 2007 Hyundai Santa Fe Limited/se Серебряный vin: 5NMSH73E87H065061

---

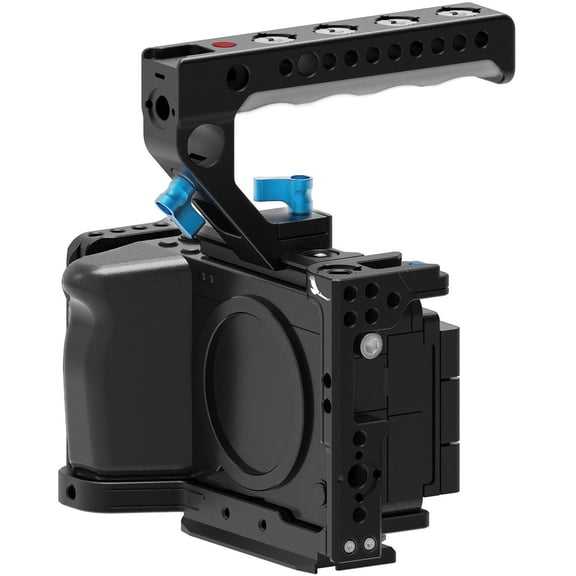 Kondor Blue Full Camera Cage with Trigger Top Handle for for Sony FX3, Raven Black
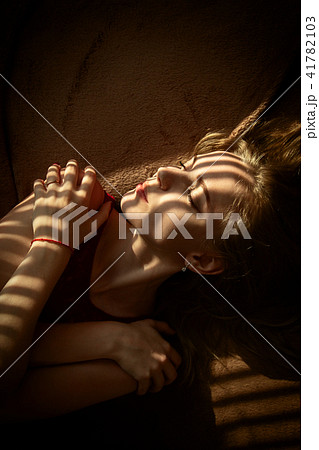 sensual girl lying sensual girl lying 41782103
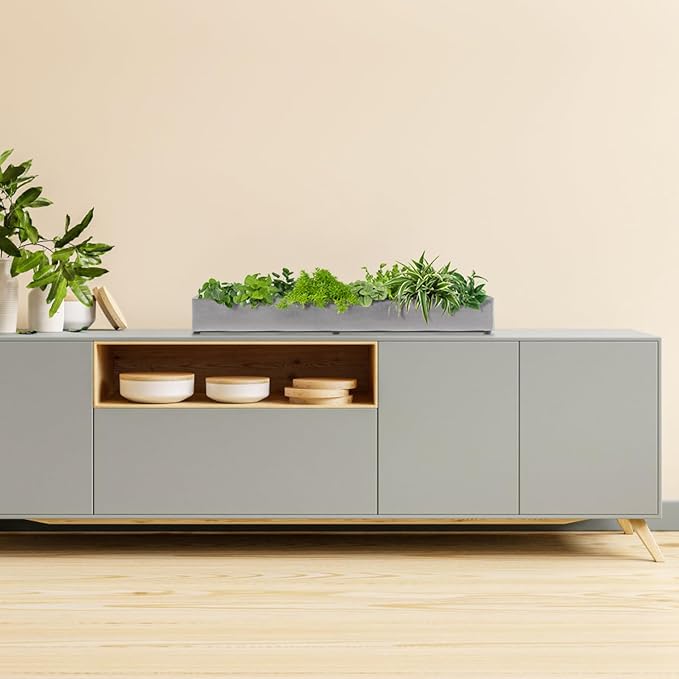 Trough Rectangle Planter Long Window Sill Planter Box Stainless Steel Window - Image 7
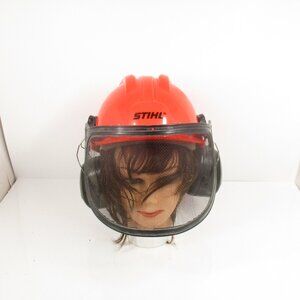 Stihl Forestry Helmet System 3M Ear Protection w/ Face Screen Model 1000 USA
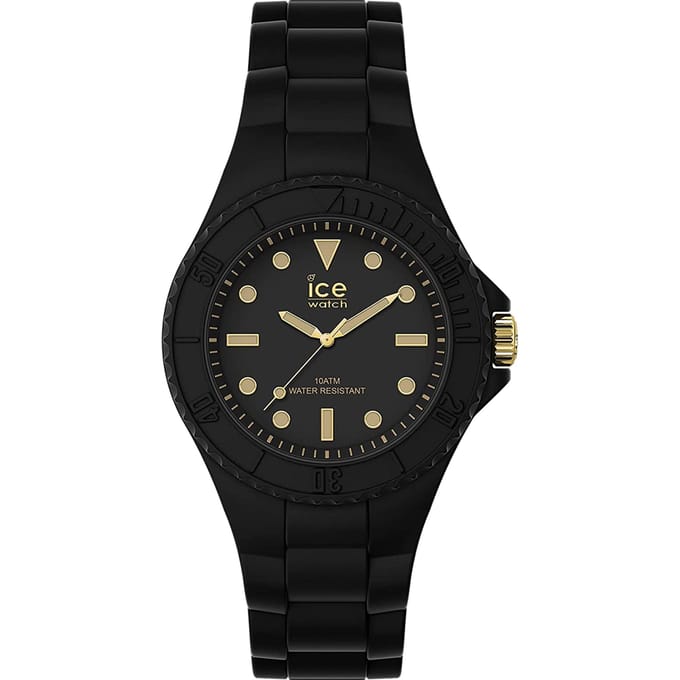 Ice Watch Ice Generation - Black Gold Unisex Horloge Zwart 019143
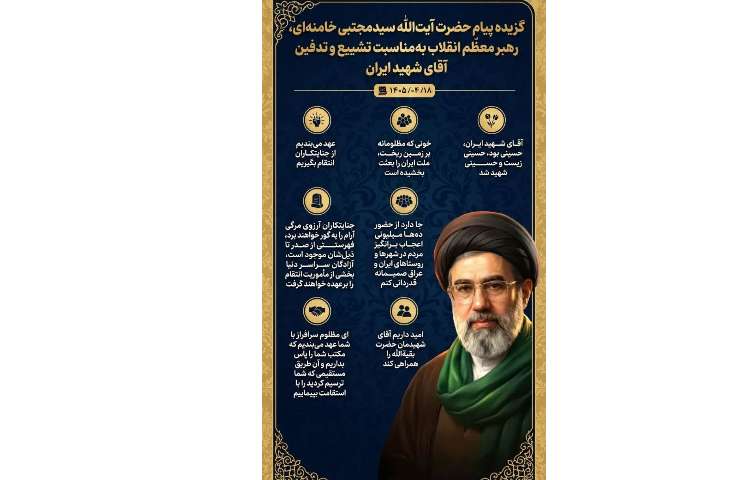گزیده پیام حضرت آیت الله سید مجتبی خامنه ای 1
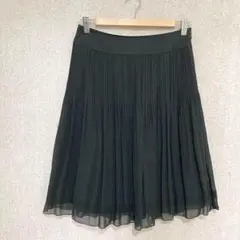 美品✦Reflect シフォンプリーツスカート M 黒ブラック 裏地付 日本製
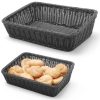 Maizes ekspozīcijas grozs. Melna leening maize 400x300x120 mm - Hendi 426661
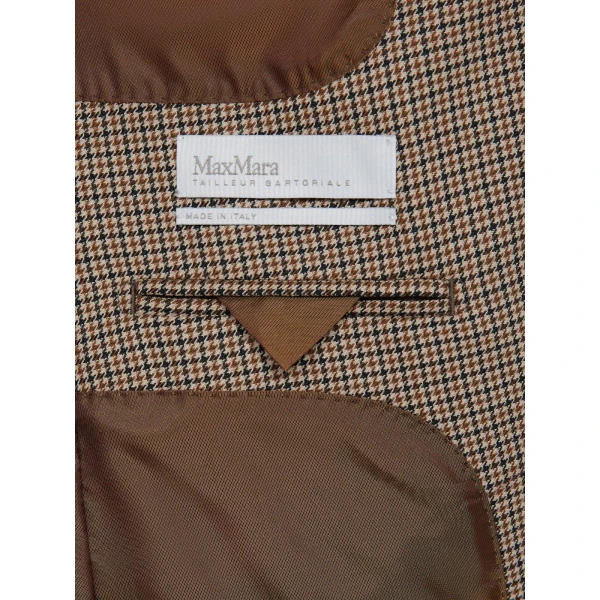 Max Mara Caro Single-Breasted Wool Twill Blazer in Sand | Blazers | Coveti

**HOW TO COMPLETE THIS TASK:** Above, find the line holding "美品✦Reflect シフォンプリーツスカート M 黒ブラック 裏地付 日本製" and the line holding "Max Mara Caro". Print exactly those two lines and every line between them, but no pictures.

**OUTPUT OF THE EXERCISE:**
 美品✦Reflect シフォンプリーツスカート M 黒ブラック 裏地付 日本製
 Maizes ekspozīcijas grozs. Melna leening maize 400x300x120 mm - Hendi 426661
 Max Mara Caro Single-Breasted Wool Twill Blazer in Sand | Blazers | Coveti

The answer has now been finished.